Work instruction: Only one span of the listing below is wanted: the lines from the one with "未镶嵌和田玉挂件拍一发一，多样性发货" through the one with "Meet your Posher, Julia - Picture 1 of 1", reproduced exactly, both ends kept.

Available data:
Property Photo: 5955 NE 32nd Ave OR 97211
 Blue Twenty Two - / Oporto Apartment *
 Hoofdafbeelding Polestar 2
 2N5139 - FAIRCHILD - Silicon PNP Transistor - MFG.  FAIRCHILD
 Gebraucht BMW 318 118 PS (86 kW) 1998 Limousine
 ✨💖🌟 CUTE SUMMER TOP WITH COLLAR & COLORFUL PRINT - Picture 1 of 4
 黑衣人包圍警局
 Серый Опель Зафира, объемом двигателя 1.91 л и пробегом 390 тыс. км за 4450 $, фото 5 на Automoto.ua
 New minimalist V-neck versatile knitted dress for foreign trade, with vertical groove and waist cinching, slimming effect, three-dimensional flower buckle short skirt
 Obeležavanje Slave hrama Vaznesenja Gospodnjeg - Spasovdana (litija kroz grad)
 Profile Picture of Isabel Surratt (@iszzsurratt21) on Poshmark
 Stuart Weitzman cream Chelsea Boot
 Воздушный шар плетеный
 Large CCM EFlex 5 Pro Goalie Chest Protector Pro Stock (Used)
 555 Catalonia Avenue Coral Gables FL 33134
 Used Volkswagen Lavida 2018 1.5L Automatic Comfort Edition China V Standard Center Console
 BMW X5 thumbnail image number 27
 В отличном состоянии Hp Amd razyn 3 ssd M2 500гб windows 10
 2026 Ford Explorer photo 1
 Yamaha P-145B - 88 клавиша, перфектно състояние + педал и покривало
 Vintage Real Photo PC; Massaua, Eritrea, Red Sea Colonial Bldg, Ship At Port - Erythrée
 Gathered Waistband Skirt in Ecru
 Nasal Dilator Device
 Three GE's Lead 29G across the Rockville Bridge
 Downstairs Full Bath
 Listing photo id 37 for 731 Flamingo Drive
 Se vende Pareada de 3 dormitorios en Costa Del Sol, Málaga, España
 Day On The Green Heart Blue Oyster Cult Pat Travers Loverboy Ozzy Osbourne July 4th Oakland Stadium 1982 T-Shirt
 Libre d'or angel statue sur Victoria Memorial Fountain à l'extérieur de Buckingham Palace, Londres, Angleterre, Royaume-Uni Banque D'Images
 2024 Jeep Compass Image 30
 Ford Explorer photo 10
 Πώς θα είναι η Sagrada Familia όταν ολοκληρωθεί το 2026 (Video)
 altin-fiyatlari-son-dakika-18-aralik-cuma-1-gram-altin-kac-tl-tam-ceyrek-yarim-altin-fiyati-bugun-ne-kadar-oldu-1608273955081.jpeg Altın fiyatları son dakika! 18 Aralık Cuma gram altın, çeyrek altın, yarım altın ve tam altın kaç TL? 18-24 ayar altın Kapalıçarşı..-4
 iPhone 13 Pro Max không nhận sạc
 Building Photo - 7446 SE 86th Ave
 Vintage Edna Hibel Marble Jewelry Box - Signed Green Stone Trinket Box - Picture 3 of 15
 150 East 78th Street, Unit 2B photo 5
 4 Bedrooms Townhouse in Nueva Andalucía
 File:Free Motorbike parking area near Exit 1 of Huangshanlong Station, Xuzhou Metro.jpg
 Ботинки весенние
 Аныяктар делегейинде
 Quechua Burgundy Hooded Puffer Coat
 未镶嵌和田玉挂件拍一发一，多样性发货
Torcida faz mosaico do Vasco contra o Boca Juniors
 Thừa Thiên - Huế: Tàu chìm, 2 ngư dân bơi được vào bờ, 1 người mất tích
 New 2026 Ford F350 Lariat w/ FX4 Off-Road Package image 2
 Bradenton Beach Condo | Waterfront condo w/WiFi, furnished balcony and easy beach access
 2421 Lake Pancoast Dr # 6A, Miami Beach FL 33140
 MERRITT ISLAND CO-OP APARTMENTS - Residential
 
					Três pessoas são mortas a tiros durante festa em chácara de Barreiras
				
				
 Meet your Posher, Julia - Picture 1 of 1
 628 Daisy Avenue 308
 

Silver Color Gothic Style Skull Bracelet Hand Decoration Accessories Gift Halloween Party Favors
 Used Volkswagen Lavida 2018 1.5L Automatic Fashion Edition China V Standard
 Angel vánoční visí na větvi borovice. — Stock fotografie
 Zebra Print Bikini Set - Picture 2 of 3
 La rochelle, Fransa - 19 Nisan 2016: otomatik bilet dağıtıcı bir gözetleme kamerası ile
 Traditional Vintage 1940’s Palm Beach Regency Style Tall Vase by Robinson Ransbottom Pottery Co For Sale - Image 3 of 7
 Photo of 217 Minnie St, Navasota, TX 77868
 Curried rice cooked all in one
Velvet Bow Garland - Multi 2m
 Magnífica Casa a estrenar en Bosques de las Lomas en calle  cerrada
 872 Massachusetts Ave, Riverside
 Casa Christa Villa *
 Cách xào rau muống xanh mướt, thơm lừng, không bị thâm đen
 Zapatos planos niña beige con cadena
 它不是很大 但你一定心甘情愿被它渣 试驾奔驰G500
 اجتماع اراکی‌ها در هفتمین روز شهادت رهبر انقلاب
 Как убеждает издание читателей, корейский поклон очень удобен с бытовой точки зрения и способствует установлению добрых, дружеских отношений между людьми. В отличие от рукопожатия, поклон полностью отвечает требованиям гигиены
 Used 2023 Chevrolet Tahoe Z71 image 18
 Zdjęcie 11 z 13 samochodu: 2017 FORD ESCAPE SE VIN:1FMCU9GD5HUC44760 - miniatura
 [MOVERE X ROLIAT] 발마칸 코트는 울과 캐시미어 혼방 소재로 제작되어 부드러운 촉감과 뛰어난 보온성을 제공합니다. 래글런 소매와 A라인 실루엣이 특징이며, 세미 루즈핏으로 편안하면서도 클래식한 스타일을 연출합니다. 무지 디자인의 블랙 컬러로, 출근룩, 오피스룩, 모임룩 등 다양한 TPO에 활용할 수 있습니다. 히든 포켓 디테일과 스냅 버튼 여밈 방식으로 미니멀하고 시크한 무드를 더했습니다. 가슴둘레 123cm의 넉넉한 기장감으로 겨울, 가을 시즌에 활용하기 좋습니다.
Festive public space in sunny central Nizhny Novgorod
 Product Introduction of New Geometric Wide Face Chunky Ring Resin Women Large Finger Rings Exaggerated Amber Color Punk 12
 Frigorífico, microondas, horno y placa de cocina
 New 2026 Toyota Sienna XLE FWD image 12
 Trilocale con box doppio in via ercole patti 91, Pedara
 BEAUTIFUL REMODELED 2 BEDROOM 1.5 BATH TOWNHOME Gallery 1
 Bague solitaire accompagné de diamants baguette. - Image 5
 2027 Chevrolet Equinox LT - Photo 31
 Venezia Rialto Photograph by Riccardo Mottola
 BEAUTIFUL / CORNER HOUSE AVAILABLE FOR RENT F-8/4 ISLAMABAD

Written answer:
 未镶嵌和田玉挂件拍一发一，多样性发货
Torcida faz mosaico do Vasco contra o Boca Juniors
 Thừa Thiên - Huế: Tàu chìm, 2 ngư dân bơi được vào bờ, 1 người mất tích
 New 2026 Ford F350 Lariat w/ FX4 Off-Road Package image 2
 Bradenton Beach Condo | Waterfront condo w/WiFi, furnished balcony and easy beach access
 2421 Lake Pancoast Dr # 6A, Miami Beach FL 33140
 MERRITT ISLAND CO-OP APARTMENTS - Residential
 
					Três pessoas são mortas a tiros durante festa em chácara de Barreiras
				
				
 Meet your Posher, Julia - Picture 1 of 1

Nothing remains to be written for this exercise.